Sunday, November 28, 2010

Sugar ends higher, coffee falls amid euro crisis

ICE sugar futures reversed early losses to settle higher for the fourth straight day yesterday due to fund buying, while coffee fell as Europe’s debt crisis pushed the euro to a two-month low against the dollar and as investors worried about conflict in Korea. Cocoa futures settled stronger as the London market led the way up, ahead of the second round of presidential elections in top grower Ivory Coast. Volume was thin after the US Thanksgiving holiday on Thursday and the ICE agricultural markets dealt in a slightly abbreviated session.

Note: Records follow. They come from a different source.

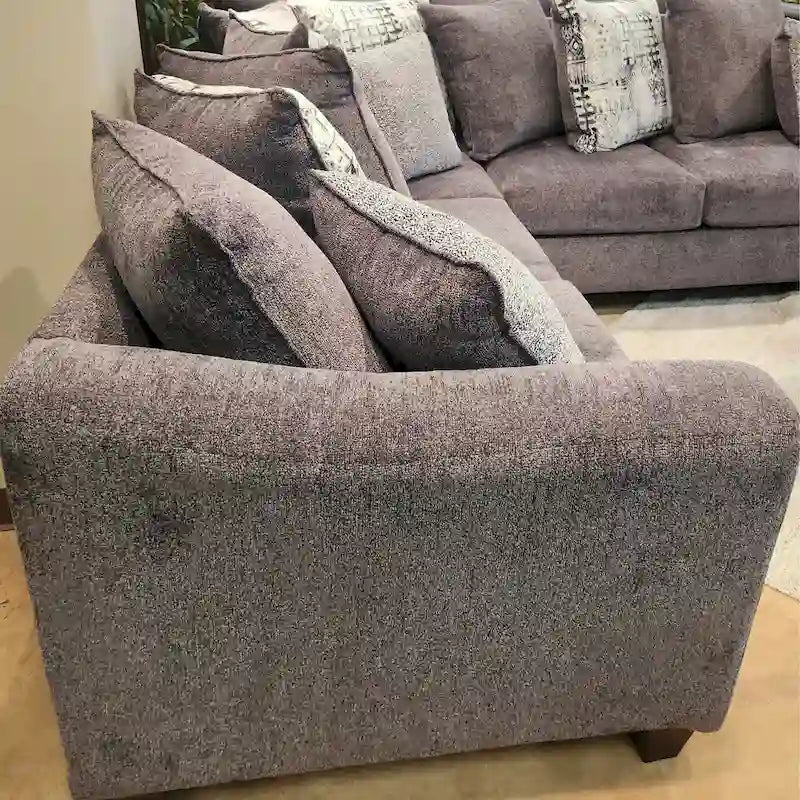 Set soggiorno 2 pezzi Davoz di Roundhill Furniture, divano e divanetto, Tori Slate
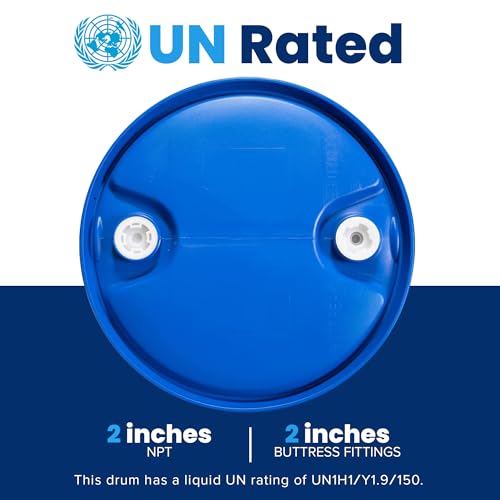 Image of 55 Gallon Blue Tight Head Plastic Drum, BPA Free, UN Rated, 2 inch NPT & 2 inch Buttress Fittings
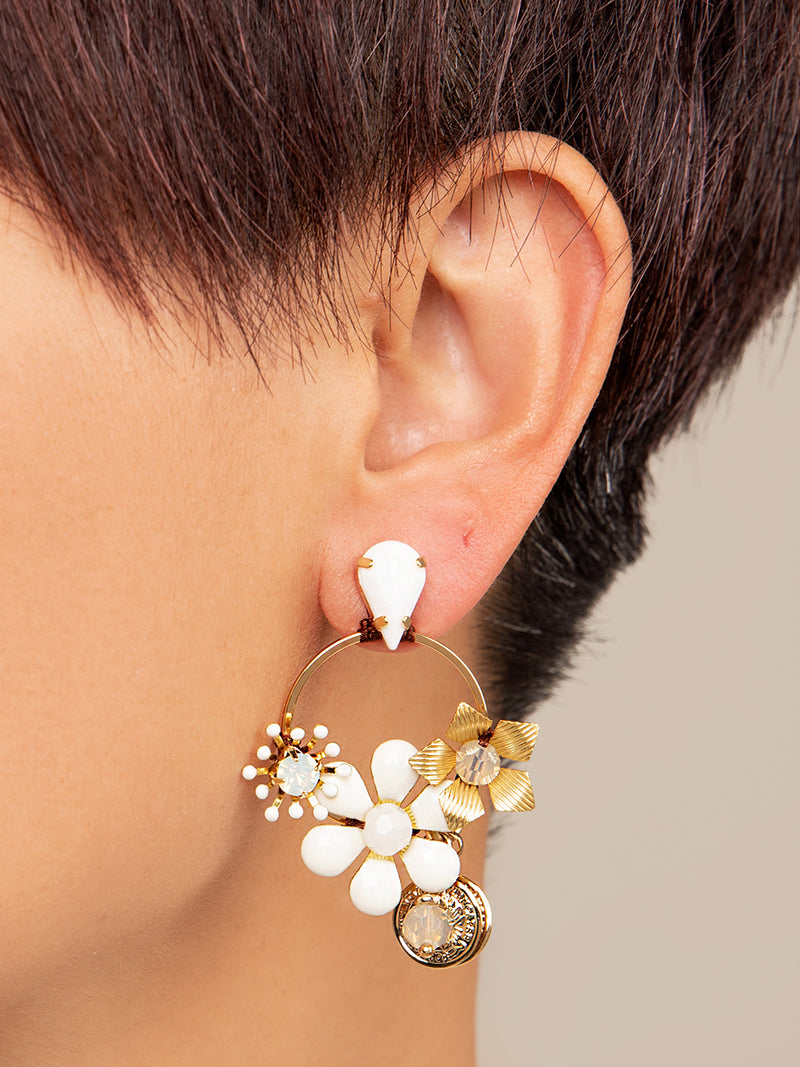 Handmade Flower & Crystal Drop Earring
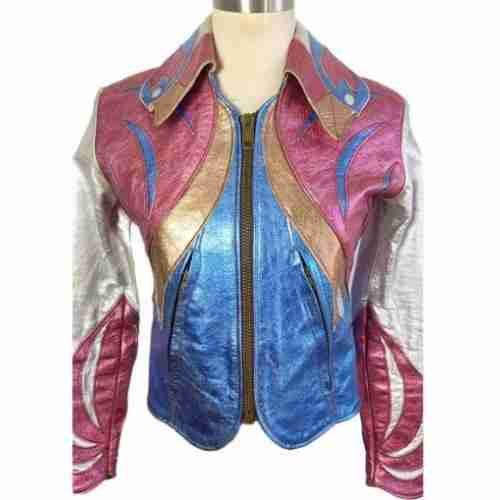 Britt Robertson's (Sophia Marlowe) multicolored leather jacket from Girlboss TV show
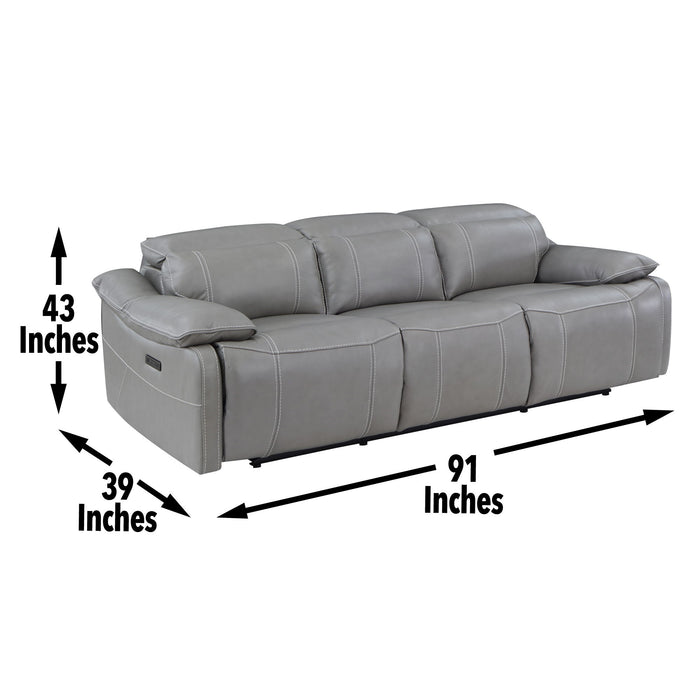 Alpine - Leather Dual Power Sofa - Smoke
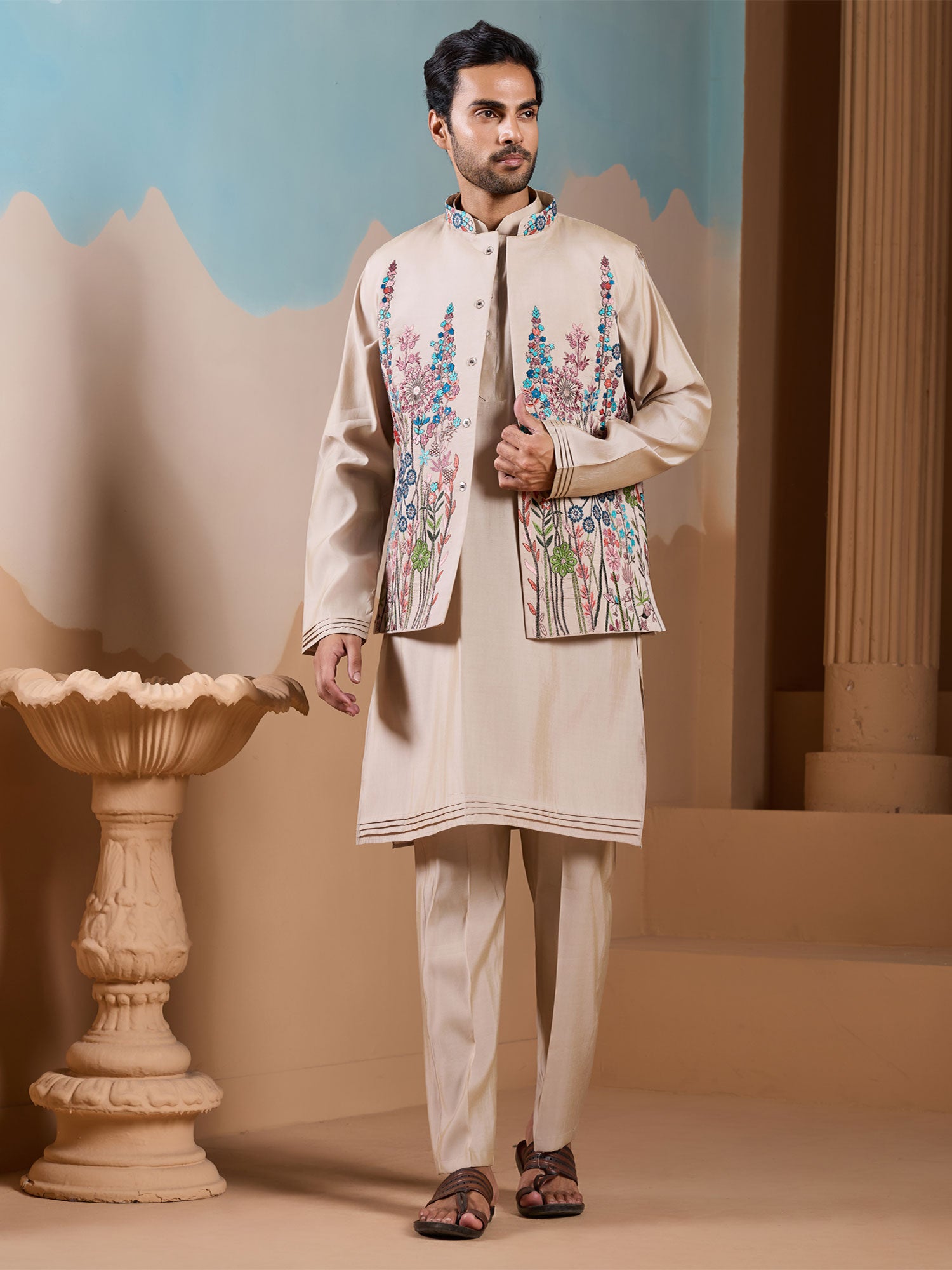 Beige Men's Kurta Set With Embroidered Jacket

ICE raw sugar futures found strength in follow-through buying from Wednesday as demand continued to be viewed as strong, particularly in China, dealers said. “This China (situation) where they seem to be running out of most everything, seems to be supporting the market,” said Jack Scoville, analyst for brokers The Price Group in Chicago.


ICE March raw sugar rose 0.30 cent or 1.1 per cent to end at 28.25 cents a lb, closing the week up eight per cent. Volume was light at around 36,305 lots, down nearly half from Friday after Thanksgiving in 2009.

Liffe March white sugar finished up $1.10 at $718.40 a tonne. “The algorithmic traders (system funds) are the likely buyers. There are few traders from the trade houses around due to yesterday’s Thanksgiving,” a sugar futures broker said. Dealers said the market faced stiff resistance above 30 cents a lb, having touched a 30-year high of 33.39 cents a lb on November 11, underpinned by low global stock levels.

“Concerns that total sugar recovery levels will fall in India’s cane are leading to fears that the country may not have the necessary surplus required to lift exports to a world that is crying out for more sugar,” Macquarie Bank said in a report. The European Commission has delayed plans to export a further 350,000 tonnes of out-of-quota sugar, after European Union governments raised concerns over the impact of the move on market prices, EU sources said.

Dealers said the softs had disconnected from market fundamentals due to an uncertain outlook for the euro and the threat of fresh hostilities on the Korean peninsula. “The recent bailout of Ireland was like putting a plaster on a wooden leg — we’re not getting to the core of the euro zone debt problem,” said Pierre Sebag of London-based sugar consultancy Sugar K.

A newspaper reported that euro zone nations were pressuring Portugal to follow Ireland’s lead and seek a bailout. Portugal and Germany’s finance ministry denied the report. Coffee futures settled lower along with the commodity complex, with investors still concerned about contagion stemming from the euro zone’s debt problems. ICE March arabica coffee futures dropped 4.75 cents or 2.3 per cent to finish at $2.0270 a lb, closing the week down four per cent, the biggest weekly loss since August 8.